Be careful letting your roommate borrow your car. Your insurance company might not cover any accident that happens.
In Safe Auto Ins. v. Oriental-Guillermo, 2017 PA Super 297 (Sept 18, 2017), the Pennsylvania Superior Court ruled that an “Unlisted Resident Driver Exclusion” is valid in Pennsylvania. This means that your car insurance carrier could have an exclusion in your policy that can deny coverage in the event of an accident caused by someone you live with who was driving your car - unless they are specifically listed on your auto insurance.
In the case of Oriental-Guillermo, Rachel Dixon borrowed the car of her live-in boyfriend, Rene Oriental-Guillermo. However, she was not specifically listed on his car insurance policy. Unfortunately, Dixon was involved in an accident and because of this exclusion, Safe Auto refused to provide coverage in a claim brought by the injured passenger of the other vehicle involved in the accident.

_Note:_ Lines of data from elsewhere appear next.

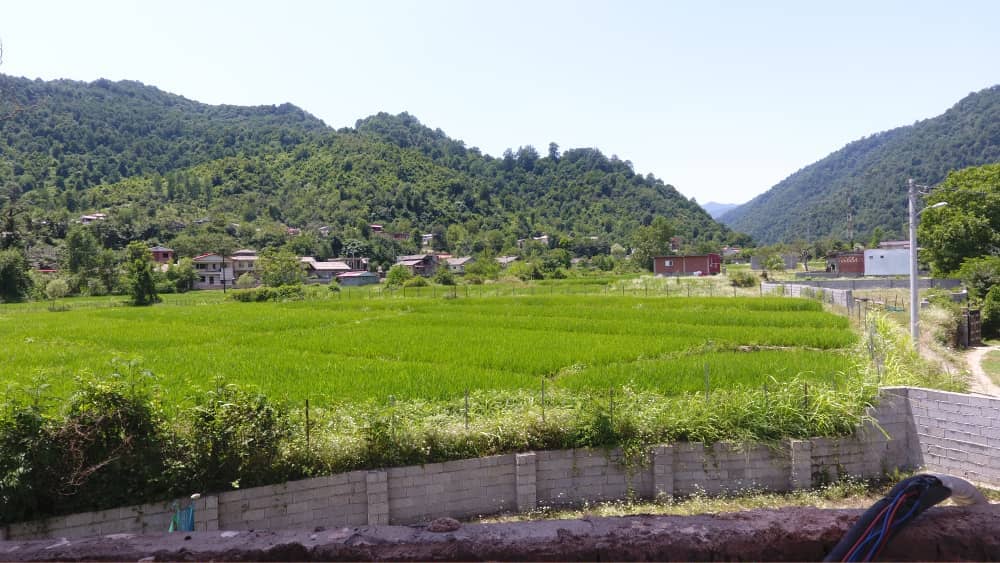 اجاره منزل مبله در شیخ محله اسالم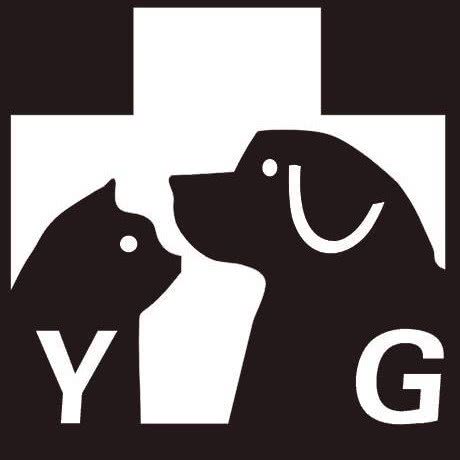 又高宠物医院:邵阳市大祥区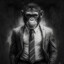 Kako Macaco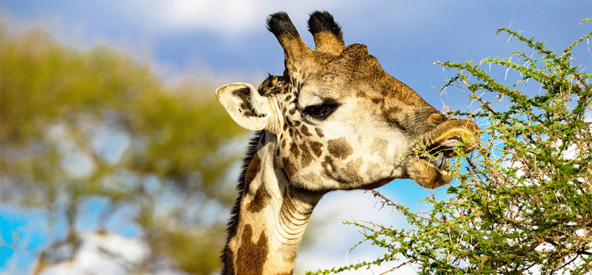 Tanzania - Lake Manyara Picture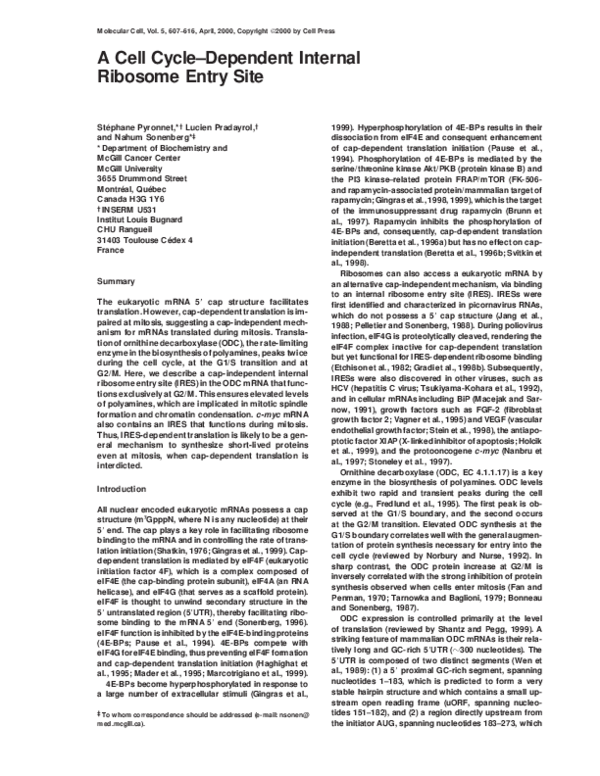 (PDF) A Cell Cycle–Dependent Internal Ribosome Entry Site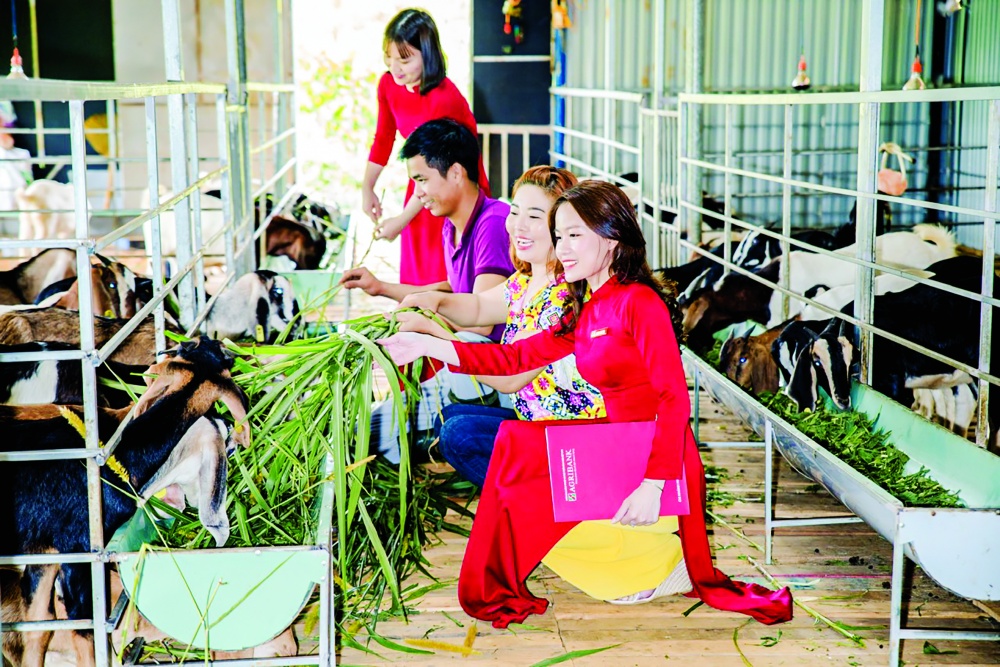 Có vốn Agribank tiếp sức, chị Lê Thị Bông ở xã Tam Mỹ Đông, huyện Núi Thành, tỉnh Quảng Nam xây dựng được mô hình nuôi dê cho hiệu quả kinh tế cao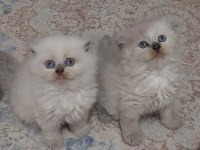 TOPKAFA KAN HATTI BELLİ SAFKAN CİNS KEDİLER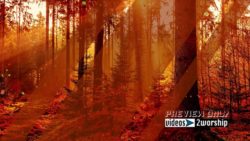 Read more about the article Red Autumn Forest Falling Leaves Background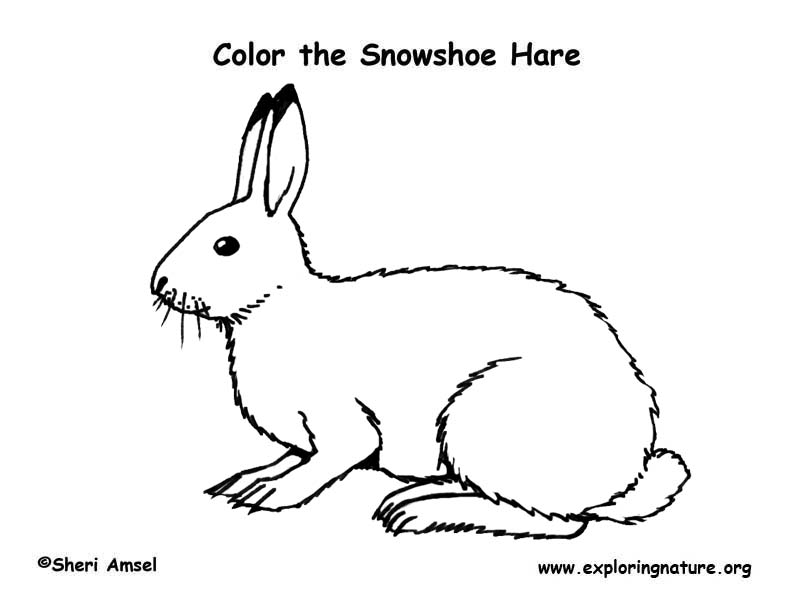 snowshoeing coloring pages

Dixon could end up becoming personally liable for both the property damage to the other vehicle and for the personal injuries sustained by the other people involved in the accident. The attorney representing the injured passenger says that Safe Auto using the exclusion to deny coverage is "part of a continuing effort by the insurance carriers to maximize profits by minimizing coverage.”
According to the Superior Court's ruling, the unlisted resident exclusion is enforceable under the Motor Vehicle Financial Responsibility Law, and the goal is to encourage vehicle owners to obtain proper insurance for people they expect will be driving their vehicle. It is the responsibility of the insured to determine who they want to buy coverage for.